Experts on women in the clergy said that while the leaders of mainline denominations support women in the ministry, not enough is done to back their rise.

One small but important step male pastors can take, these experts said, is to get congregations to hear women preach. For example, those pastors can ask women to be guest preachers or have them fill in when they go on vacation.

“I speak differently than a man does,” Ms. Escobedo-Frank said. “To hear the fullness of God’s voice, you need to hear both men and women. People’s ears are opened more because of the surprise, and they are delighted by surprise.”

Certainly, not every minister wants to lead a large congregation. And in Protestant traditions that do not ordain women, such as evangelical megachurches, lay women who lead youth groups or women’s groups influence the faith of hundreds of congregants in a way that a woman minister in a small church cannot.

The Rev. Alise D. Barrymore, 37, grew up in the Church of God in Christ, part of the Pentecostal movement. She is co-pastor of the Emmaus Community, a non-denominational, “post-modern African-American church” which she founded with another minister in Chicago Heights, Ill.

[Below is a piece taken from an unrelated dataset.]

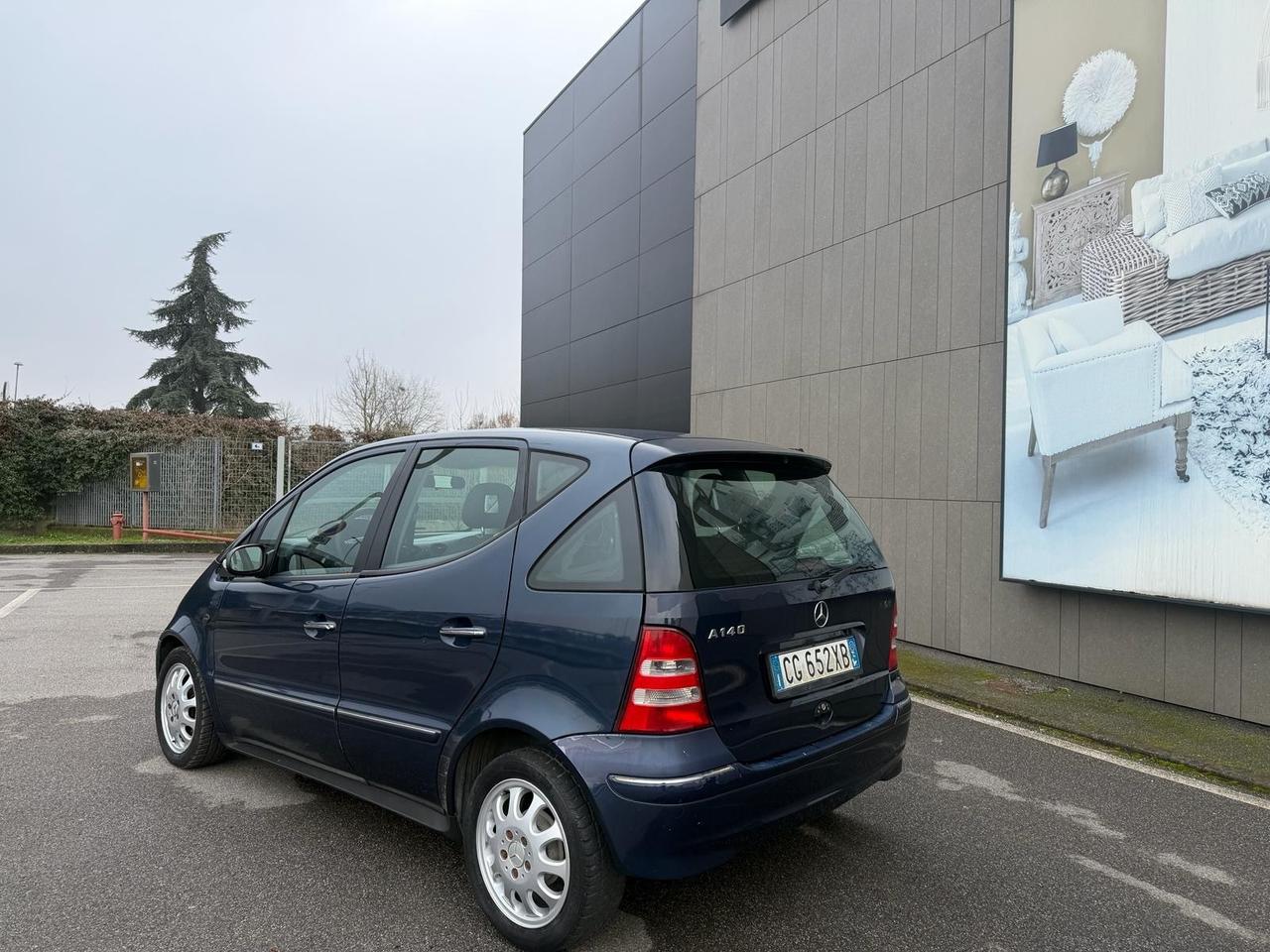 Mercedes-benz A 140 cat Classic clima Lunga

Like many women from conservative Christian backgrounds, she had to leave her denomination, hop-scotching from one tradition to another, to enter the pulpit.

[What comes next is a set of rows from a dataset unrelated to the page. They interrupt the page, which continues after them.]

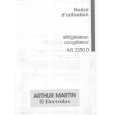 ARTHUR MARTIN ELECTROLUX AR2350D Manual de Usuario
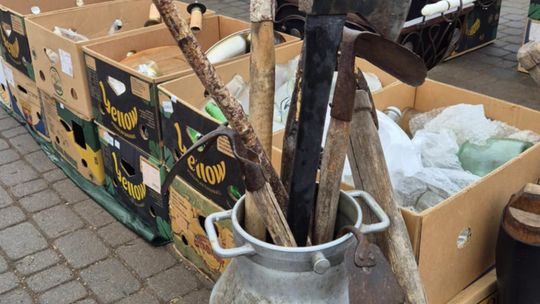 Targi staroci w Lublinie. Zobaczcie, jakie perełki można tu upolować [GALERIA ZDJĘĆ]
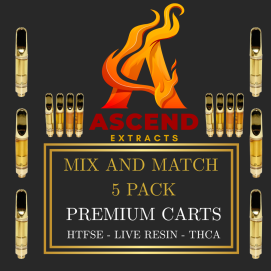 Mix & Match Premium Cartridges 5 Pack (Ascend)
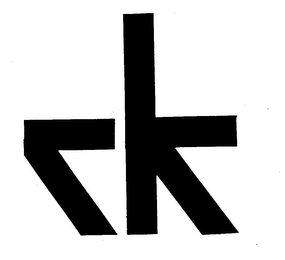 R K logo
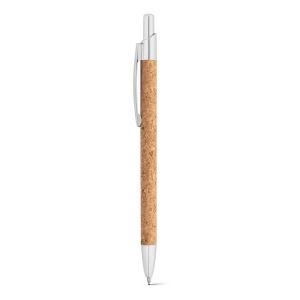 NATURA. Stylo en liège et aluminium recyclé (100 % rAL) avec clip 2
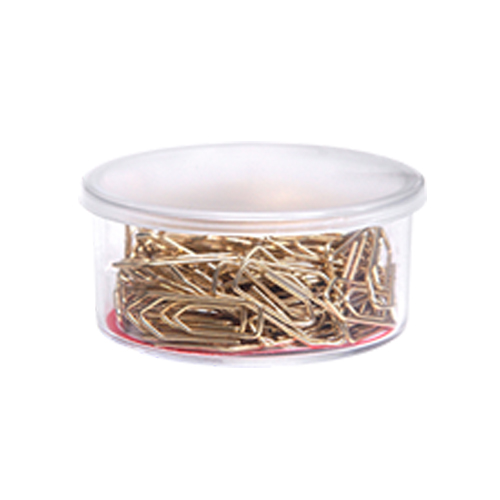 CLIPE ACC 1/0 LATONADO C/100 DOURADO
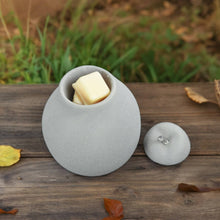 Lade das Bild in den Galerie-Viewer, Brûle parfum, fondant & cire Parfumée POIRE - Céramique mat - Zen'Arôme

The church she grew up in has powerful women as members, she said, but it does not ordain them. Yet she had long wanted to enter pastoral ministry. Women in the black Pentecostal tradition can be itinerant evangelists, but rarely pastors.

“You can’t handle the sacraments, and it would not be rare for you to preach from the floor and not the pulpit, though that has changed a little bit in recent years,” Ms. Barrymore said. “Names and nomenclature in the black church are so important: as a woman, you teach but don’t preach. Yet the teaching sounds just like preaching.”

Ms. Puckett, the United Methodist associate pastor in Atlanta, left pastoral ministry for a time, she said, because she felt that she could not get the kind of work she wanted. She returned because she felt called to preach. But answering that call, she said, is a struggle.

“I’ve felt depressed sometimes, but the support of friends and colleagues got me through,” she said. “I’d ask them, ‘Is what I’m feeling about what is happening real or am I just crazy?’ and they would tell me I’m not crazy.”

Copyright 2006 The New York Times Company

3 comments:

Unknown said...

Hey so glad you blogged on this article. It does not make you very hopeful does it.

The Vicar of Hogsmeade said...

To be honest it brings out the worst of my cynicism

Sally said...

Like many women from conservative Christian backgrounds, she had to leave her denomination, hop-scotching from one tradition to another, to enter the pulpit.

This is so sad, and so frustrating- so many gifted women are pushed aside...

I am currently training for Ordained Ministry having been an employed Lay Worker for a number of years, and it is hard.